Mumsnet has not checked the qualifications of anyone posting here. If you need help urgently or expert advice, please see our domestic violence webguide and/or relationships webguide. Many Mumsnetters experiencing domestic abuse have found this thread helpful: Listen up, everybody

can an affair work out?

80 replies

charlie7171 · 28/04/2010 02:45

i am married. i have been having an affair with a married man for 9 months, though we have known each other for 5 years. he has been married 7 years, no kids. i have been married 10 years, with 2 kids.

do affairs ever work out? is there anyone that can give us advice? the whole internet just tells me i'm a horrible person. i need advice. i want to know stories where an affair has actually turned into a good relationship.

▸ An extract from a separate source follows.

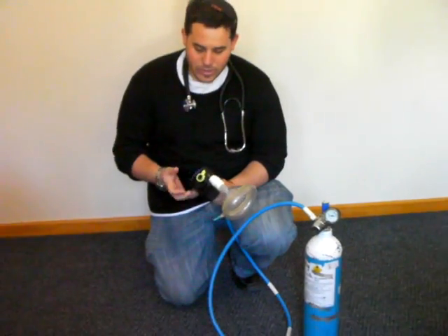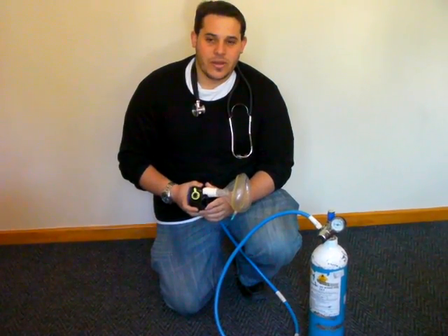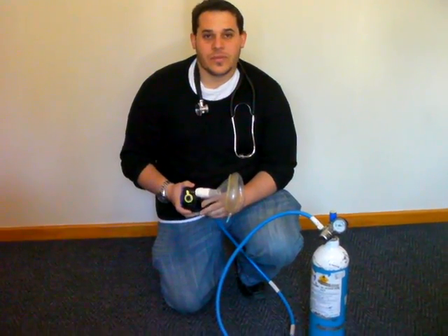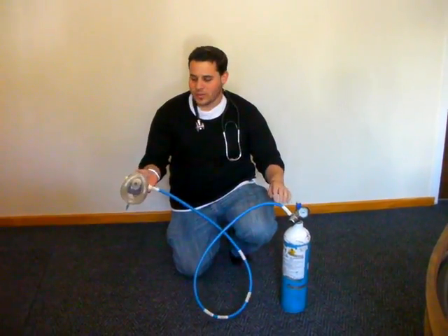Explain to the patient that it's a self-administered gas. When you breathe in, the gas will come in. The onset of action is from 30 to 60 seconds, or 3 to 4 minutes at most. Apply the gas to the patient.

we know what we are doing is wrong. we feel horrible about what we are doing to our spouses though we often talk about building a life together. we do love each other, i know i do, and i believe him when he says he does too. we communicate with each other better than we ever have with anybody else. i know so much more about him, and he knows so much more about me, than my husband and i did when we got married, maybe even more than we know about each other now.

we talk to each other so much: we know each other's faults, and cracks and bad sides; we've had disagreements, even sobbing arguments, much due to the pressure; so it's not all roses - we know how difficult it is. yet we've also seen the loveliness in each other, the strengths and joys. we've shared so much, albeit in secret and absolutely love each other's company. our interests coincide and complement; the respect we have for each other's work is unlike anything i've known before.

but we hesitate to leave our spouses - partly because of the pain this will cause them, but largely because of the unknown: how do you know that you can spend months or years with someone, if you have only had a long weekend at the most at any one time? even though we talk every day, sometimes for hours, we just don't know what it will be like to live together - does the risk justify hurting our spouses as much as we will or compromising marriages that could perhaps one day somehow be fixed? would it justify it, if our relationship collapsed after 1 month together? or 1 year? is the effect divorce will have on my kids justified by my being with the man i love?

we feel so strongly, yet we hesitate... do affairs ever work out? can they turn into beautiful strong relationships? we've seen each other's worst, so we're not blind to it - yet we love each other deeply, emotionally, physically, intellectually. is that enough? or are affairs started in marriages always doomed? does anyone have any good stories?

please, i don't need to know what a bad person i am for what i'm doing - i tell myself that every hour every day, every time i look at my husband. i know that my marriage has problems, we argue continuously and, frankly, badly, though my husband is a good man, and that perhaps i should be putting all my energy into fixing it.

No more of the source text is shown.